### Work task
Produce a faithful copy of every record below, without the pictures.

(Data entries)
**********

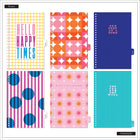 The Happy Planner - Planificateur organisé Riso Pop 2025-2026 12-mois-7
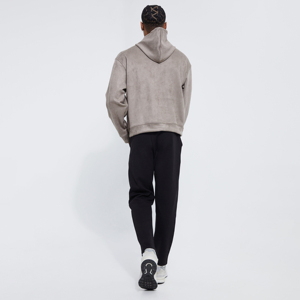 Sweat à capuche personnalisé 500gsm Streetwear en détresse sérigraphie 100% coton qualité Vintage lavé Dtg imprimé sur toute la surface à capuche - Product Image 3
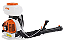 SR 450 PULVERIZADOR À GASOLINA 14 LITROS 3.9CV 63CC 920M3/H STIH - Imagem 1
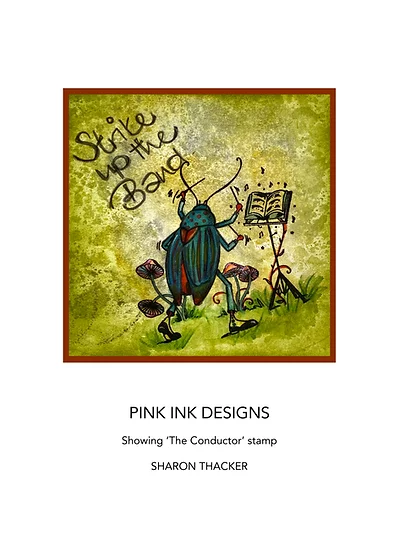 Bild 9 von Pink Ink Designs - Stempel The Conductor - Dirigent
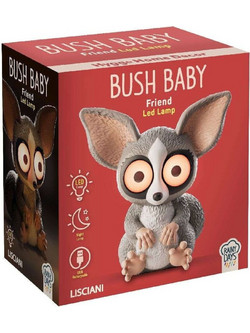 LISCIANI RAINY DAYS ΛΑΜΠΑ ΝΥΚΤΟΣ ΜΕ LED BUSH BABY (113583) 113583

**********

### Answer box
 The Happy Planner - Planificateur organisé Riso Pop 2025-2026 12-mois-7
 Sweat à capuche personnalisé 500gsm Streetwear en détresse sérigraphie 100% coton qualité Vintage lavé Dtg imprimé sur toute la surface à capuche - Product Image 3
 SR 450 PULVERIZADOR À GASOLINA 14 LITROS 3.9CV 63CC 920M3/H STIH - Imagem 1
 Bild 9 von Pink Ink Designs - Stempel The Conductor - Dirigent
 LISCIANI RAINY DAYS ΛΑΜΠΑ ΝΥΚΤΟΣ ΜΕ LED BUSH BABY (113583) 113583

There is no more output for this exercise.